Les relations diplomatiques entre le Nigeria et les trois nations de l’Alliance des États du Sahel (AES) — le Burkina Faso, le Mali et le Niger — connaissent une nouvelle phase de crispation. Tout a débuté lors d’une rencontre officielle à Abuja, où le président Bola Ahmed Tinubu a pointé du doigt des groupes armés en provenance de ces pays comme responsables d’une recrudescence de l’insécurité et d’enlèvements dans le nord de son territoire.
Cette déclaration a provoqué une réaction immédiate de la part des autorités de l’AES. Dès le 7 août, le ministre burkinabè des Affaires étrangères, Karamoko Jean-Marie Traoré, a publié un communiqué sans équivoque. « Le Burkina Faso, le Mali, le Niger et le Nigeria sont unis face à une menace terroriste commune », y est-il rappelé, avant d’ajouter que les propos du dirigeant nigérian sont « regrettables ».
L’AES rejette toute responsabilité dans l’instabilité régionale
Dans la foulée, une réunion d’urgence a été organisée à Ouagadougou réunissant les représentants des trois pays membres de l’AES. Ces derniers ont convoqué le chargé d’affaires nigérian pour lui signifier leur mécontentement. Selon les termes employés par le chef de la diplomatie burkinabè, les déclarations de Bola Ahmed Tinubu « minimisent les efforts colossaux déployés par les armées de l’AES dans la lutte contre le terrorisme ».

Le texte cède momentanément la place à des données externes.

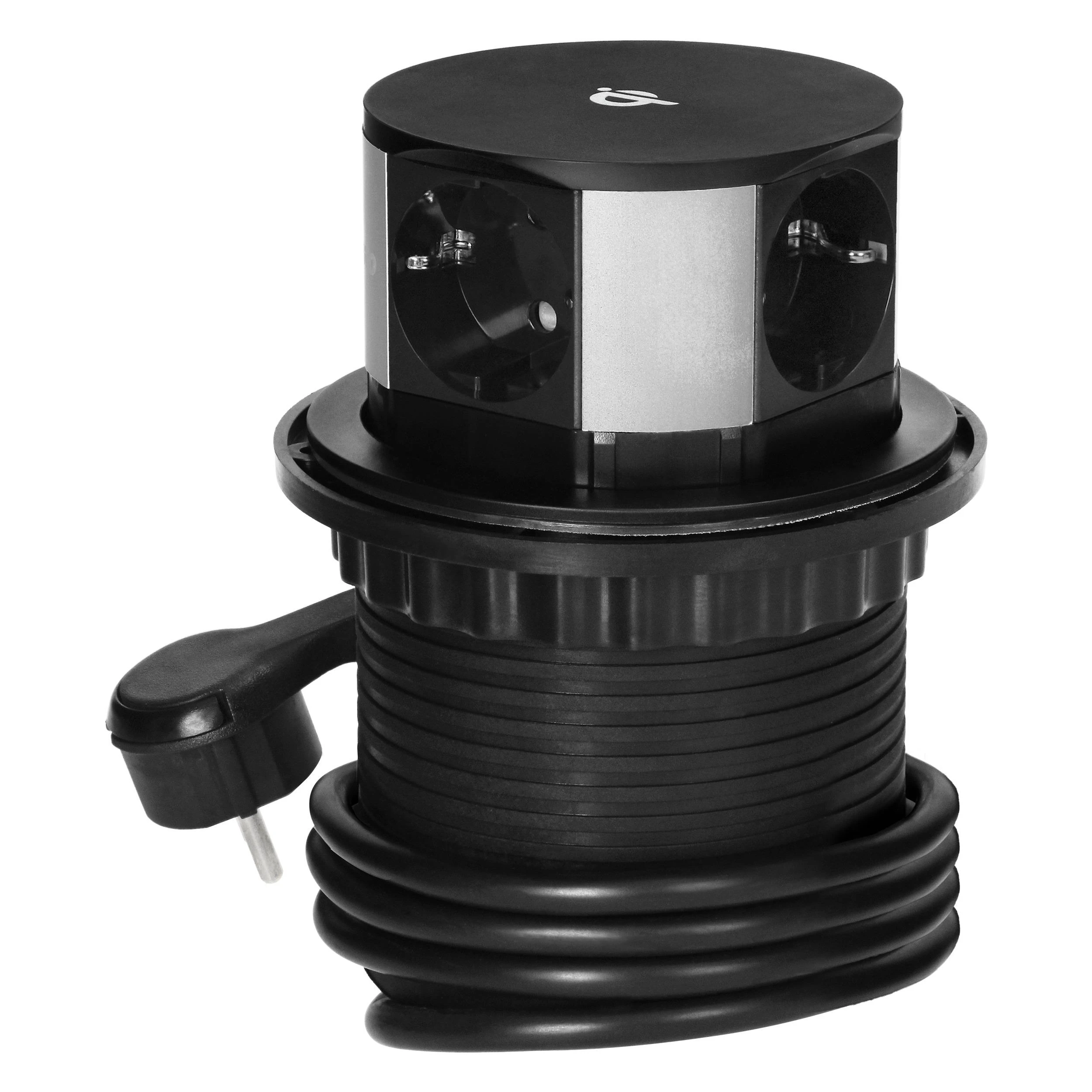 Orno Lizdas Baldinis lizdas Ø10cm, ištraukiamas iš stalo su indukciniu įkrovikliu, USB įkrovikliu ir 1,5m laidu, 3x2P+Z (Schuko), Qi 1.2.4 maks. 10W, USB A+C QC 3.0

Une situation explosive à la frontière nigéro-nigériane
Les tensions actuelles s’inscrivent dans un contexte déjà tendu entre Abuja et ses voisins sahéliens. Depuis 2023, les relations se sont fortement dégradées, notamment après le renversement du président nigérien Mohamed Bazoum à Niamey. Aujourd’hui, l’instabilité s’étend jusqu’au nord-ouest du Nigeria, où la sécurité se détériore rapidement le long de la frontière partagée avec le Niger.
« Les véritables ennemis ne se trouvent pas chez nos voisins, mais bien au-delà de nos frontières », a martelé le ministre Traoré, soulignant que les pays de l’AES n’ont « pas à porter le poids de cette insécurité ».